Provided material
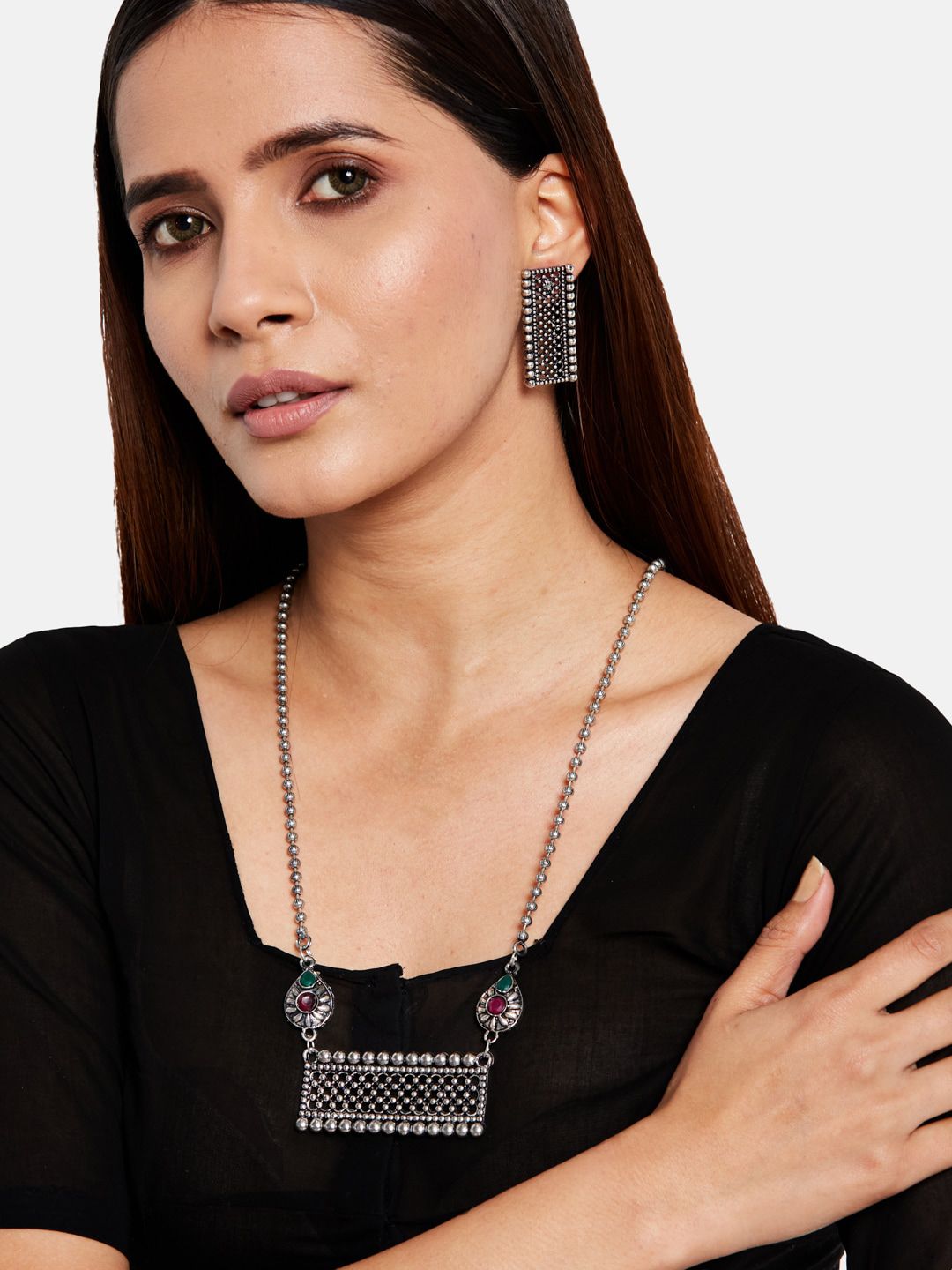 ATIBELLE Oxidised Silver-Plated Red & Green Stone-Studded Long Jewellery Set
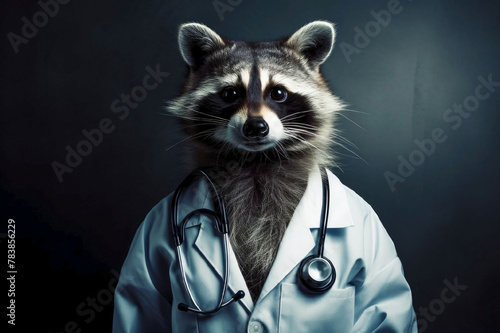 Raccoon veterinarian in white coat,humorous picture with raccoon,cute animal in the role of a doctor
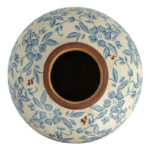 Dolohov Round Decorative Terra-cotta Vase with Transferware Pattern - Image 8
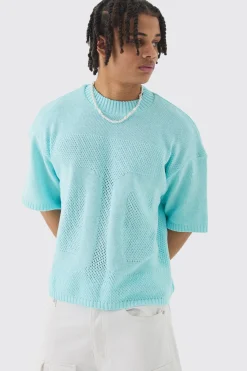Oversized Open Stitch Tonal Varsity Knitted T-shirt | BoohooMAN UK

The task
The listing above must be repeated exactly. Its pictures are not part of the copy.

Exercise solution
 ATIBELLE Oxidised Silver-Plated Red & Green Stone-Studded Long Jewellery Set
 Raccoon veterinarian in white coat,humorous picture with raccoon,cute animal in the role of a doctor
 Dolohov Round Decorative Terra-cotta Vase with Transferware Pattern - Image 8
Oversized Open Stitch Tonal Varsity Knitted T-shirt | BoohooMAN UK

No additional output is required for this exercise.